I was so thrilled to be on TV, and so excited to find myself trading remarks with such a lovely and famous woman, that I lost any fears I might have had and just let fly. Never, I thought, had I been so brilliant, so spontaneous, so animated and witty. In fact, at one point about midway through the interview, I was absolutely stunned to see Jane's hand creep out under the cover of the desk and rest gently, but firmly, on my right thigh. She spread her fingers and squeezed me.
She wants me! Jane Pauley wants me! I could not believe it. My life had just changed completely.
Somehow, I was able to control myself enough to get through the rest of the interview, still speaking English and mostly making sense.
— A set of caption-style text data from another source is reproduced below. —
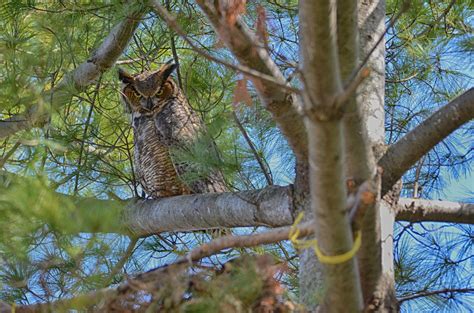 Great Horned Owl — Madison Audubon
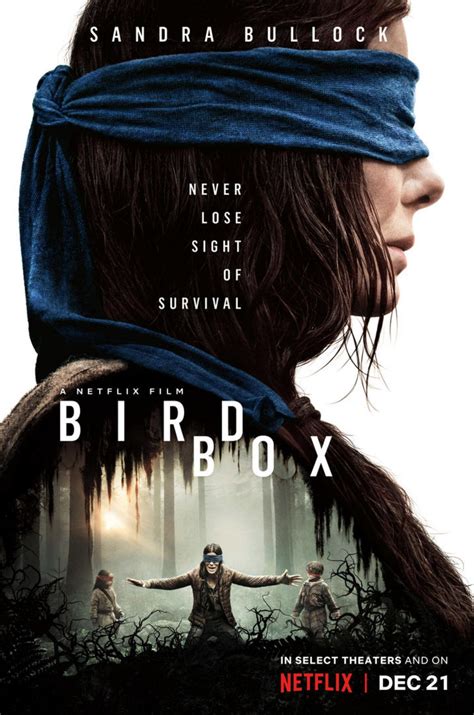 Movie Review : Bird Box – The Wilson Billboard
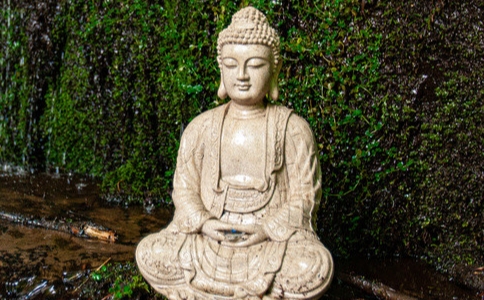 釋迦牟尼佛前世為大蟒蛇的故事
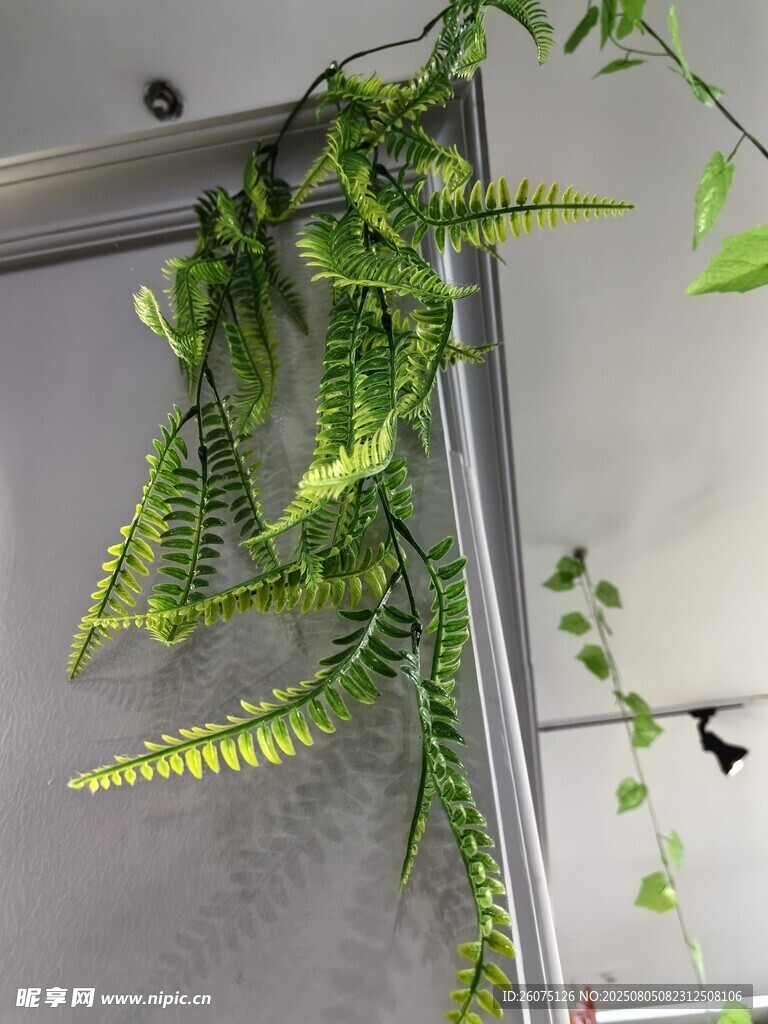 垂挂仿真蕨类绿植装点墙面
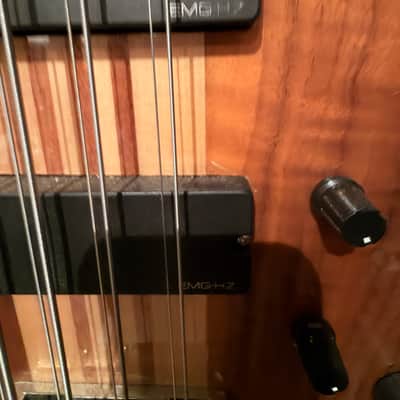 "The Claw" (No Name) Beautiful 8 string bass 2020 image 5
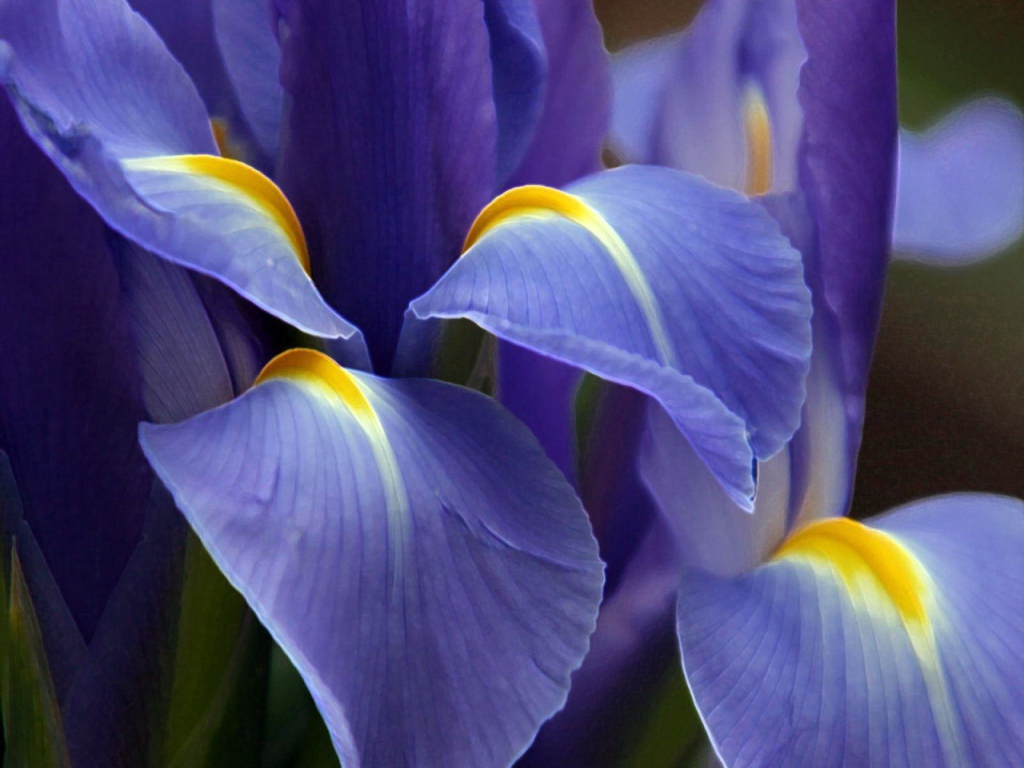 Великолепный фиолетовый цветок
But when it was over, I was surprised to see Jane get up from her chair, as if nothing had transpired between us, and casually mosey off to antoher part of the studio for her next setup.
Oh, I get it, I thought. She doesn't want her coworkers to know what's going on. She wants to keep this thing under wraps until we can can together again, in private, away from all these prying eyes.
I nodded and threw her an understanding smile as I left the studio - she looked slightly puzzled - and when I got home I called my mother to see how my first network television appearance had gone over in the Midwest.
"You were fine, Punky," she said, but without quite as much enthusiasm as I had hoped. "Very interesting."
"I hope so - the book went on sale last week." I waited for another compliment. None was forthcoming. I went fishing. "You know, Jane Pauley and I were really getting along," I said. "Did that come across?"
"Oh yes. You were clearly very excited."
"Yes. In fact, you were swiveling back and forth in your chair so much, it was a wonder she didn't get seasick sitting next to you."
That passage to me, was worth the price of the book. I still like "how to write" books and read them.